Super Truck

         When he started his work at BYU in 1961, not only had the small budget whic had been promised to him been spent by Lehi Hintze, the new geology department chairman, there was no truck that he could use to go out exploring.  Rather than waste time -so he felt- trying to get something out of the university -not how early this is in his career at BYU- he decided to use some of his own money to buy a pickup that he could take out right away.  That is what he did, so he got by with his old truck. I wasn’t in Provo when this happened for several years so don’t know whether or not the truck was the International I’ve seen in his slides or not. The university did later provide transport for him, and finally purchased a brand-spanking new truck that he loved.
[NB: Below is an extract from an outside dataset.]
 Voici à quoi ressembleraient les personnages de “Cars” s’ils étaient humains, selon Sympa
       He took the truck in hand and modified it to his needs, showing, once again, his creativity on the one hand and his skills as a metal worked. He (1) designed, (2) fabricated and (3) installed a “gin pole” on the back of the truck using a unique design that he came up with.  You see it above forward over the cab. The basic idea of the gin pole was to build a V-shaped pair of poles joined at the top end with a pully. (He also welded in a piece of sheet metal with a large hold so that he could also chain a block to the end of the pole.)  He filled the poles into freely moving joints that had been installed at the front edge of the bed, one leg of the “Y” on either side of the heavy duty winch. The winch cable was fed out and pased through the pulley on the end of the gin pole.
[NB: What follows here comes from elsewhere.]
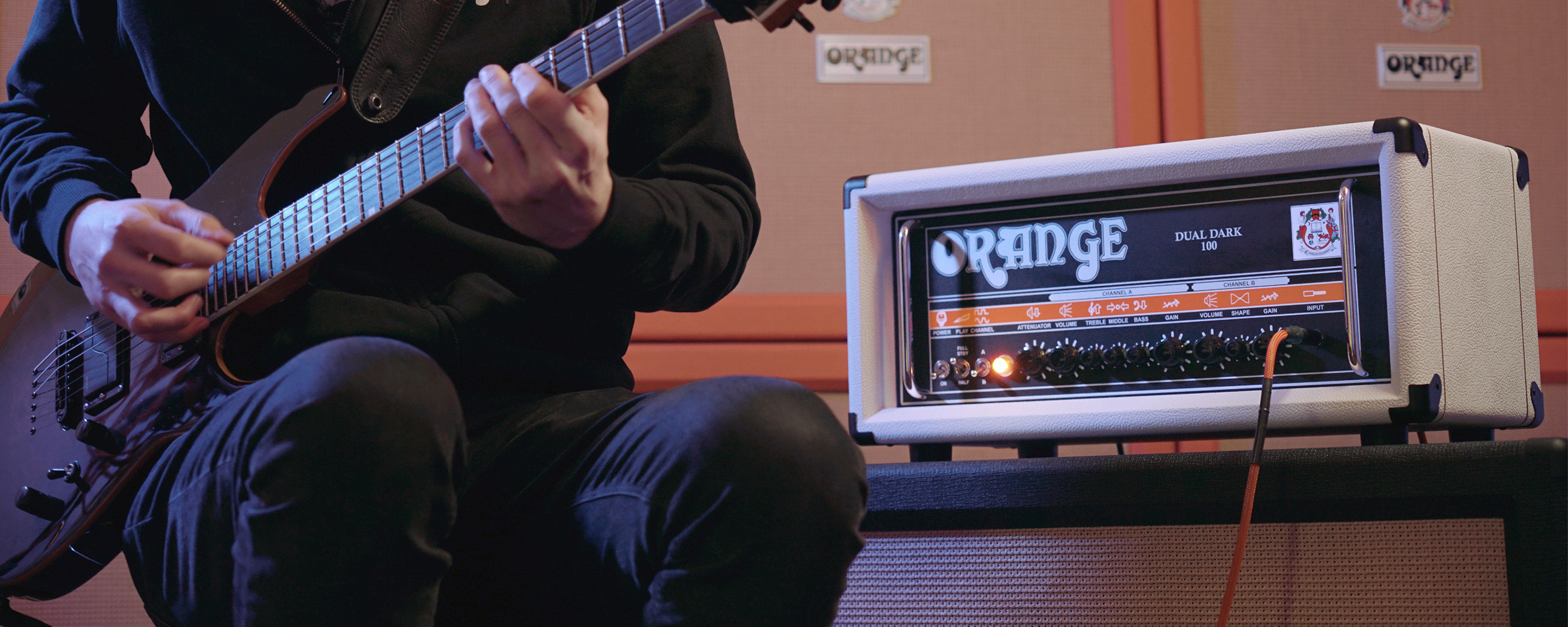 Orange Dual Dark 100 White Head 100w - Ampli Guitare Électrique TÊte / PÉdale - Variation 3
       When the winch was snugged up tight, all cable taken in, the poles were elevated forward leaning over the cab.  When he needed to lift something, he loosened the cable which allowed the poles to rotate backward until they came to rests on both side. Then he would take out as much slack as he needed to get to his project, attach it to the ptoject and then begin to take up the cable on the winch.  The object would be dragged toward the truck bed and then was elevated slowly up until it was above the level of the bed.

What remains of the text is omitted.